GOAL OF THE EXERCISE. Transcribe only the lines in the data below falling between the line with "Single Family Property" and the line with "Конный плуг", including those two lines, and leave out any picture.

GIVEN ENTRIES.
------------------------------------

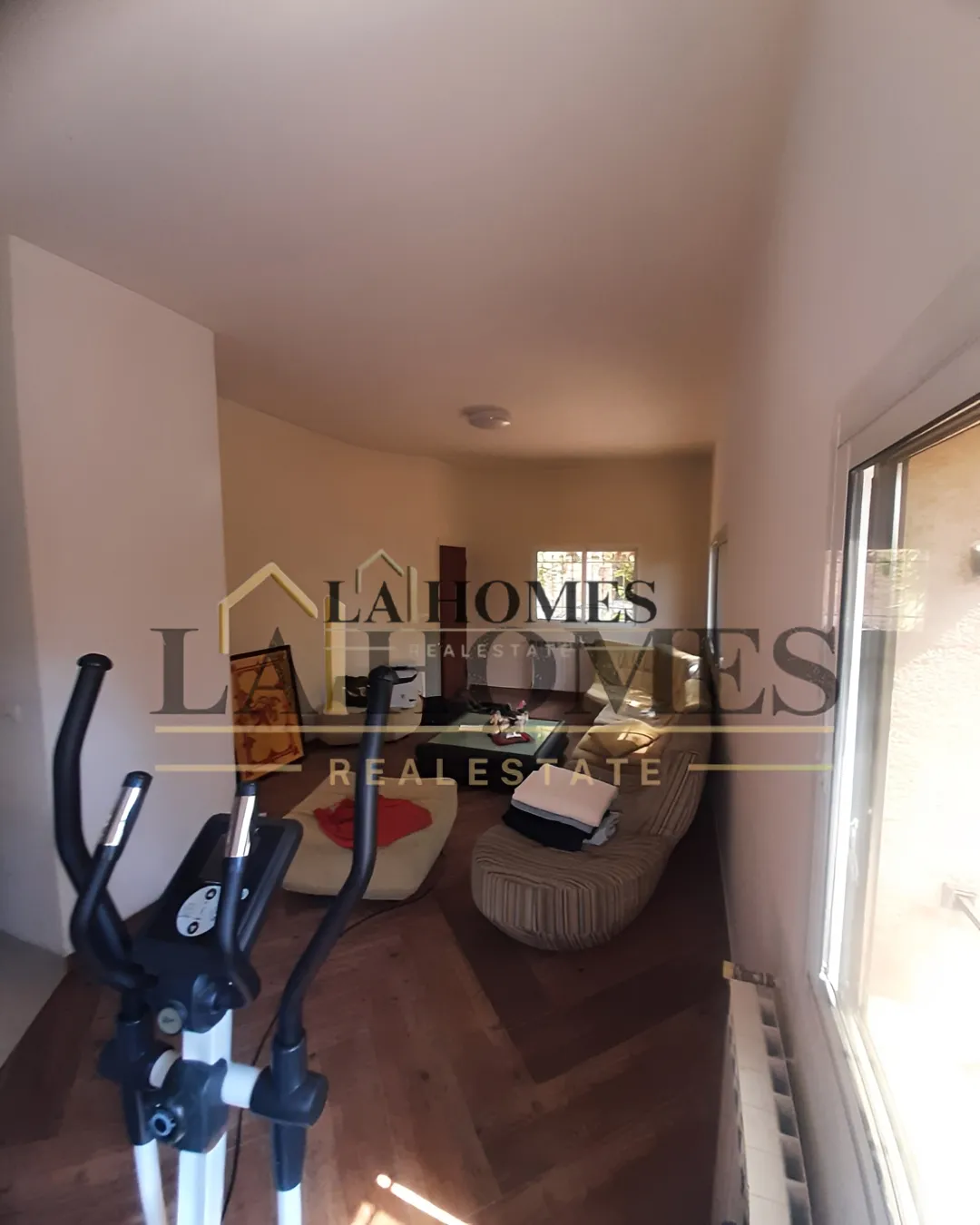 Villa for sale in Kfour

------------------------------------

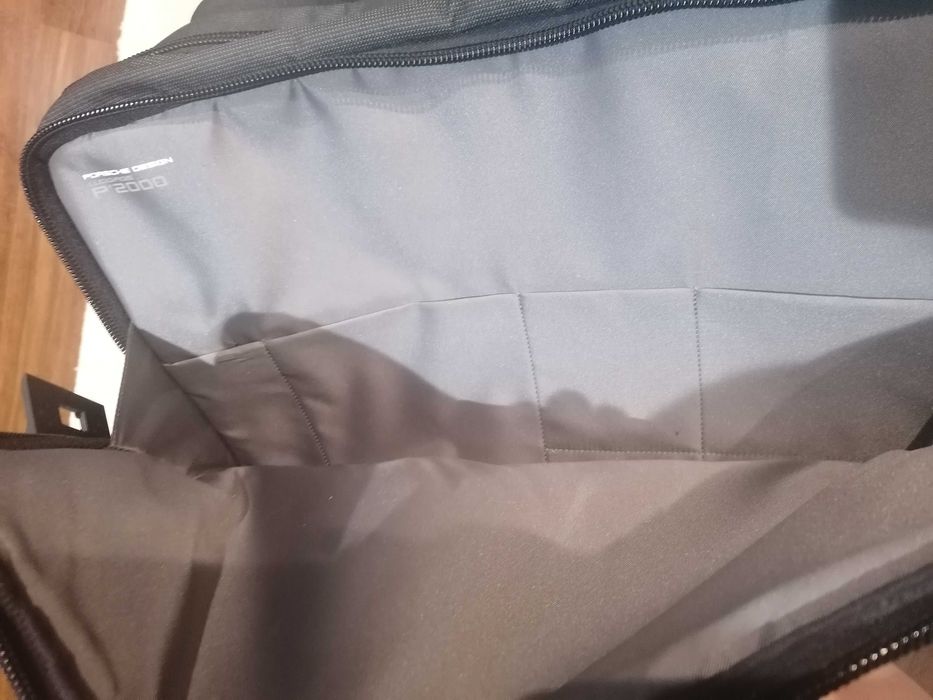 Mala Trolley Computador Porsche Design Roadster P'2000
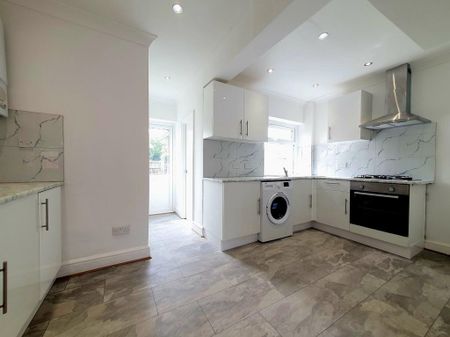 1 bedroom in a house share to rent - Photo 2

------------------------------------

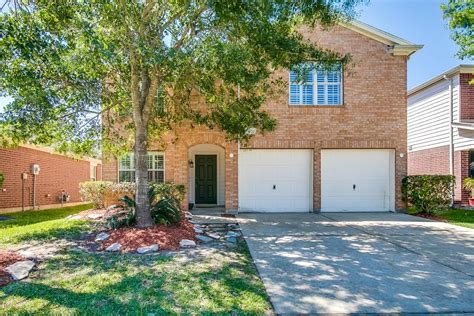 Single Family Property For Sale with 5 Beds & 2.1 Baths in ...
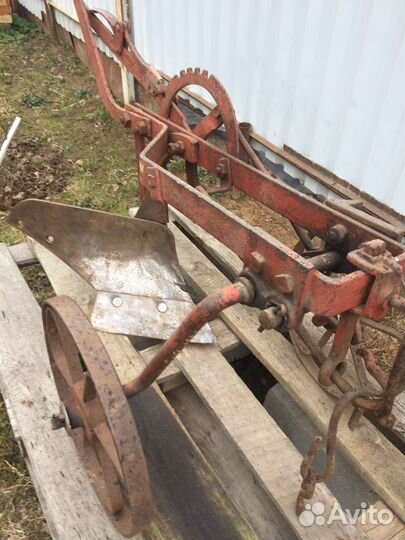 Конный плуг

------------------------------------

RESULT.
 Single Family Property For Sale with 5 Beds & 2.1 Baths in ...
 Конный плуг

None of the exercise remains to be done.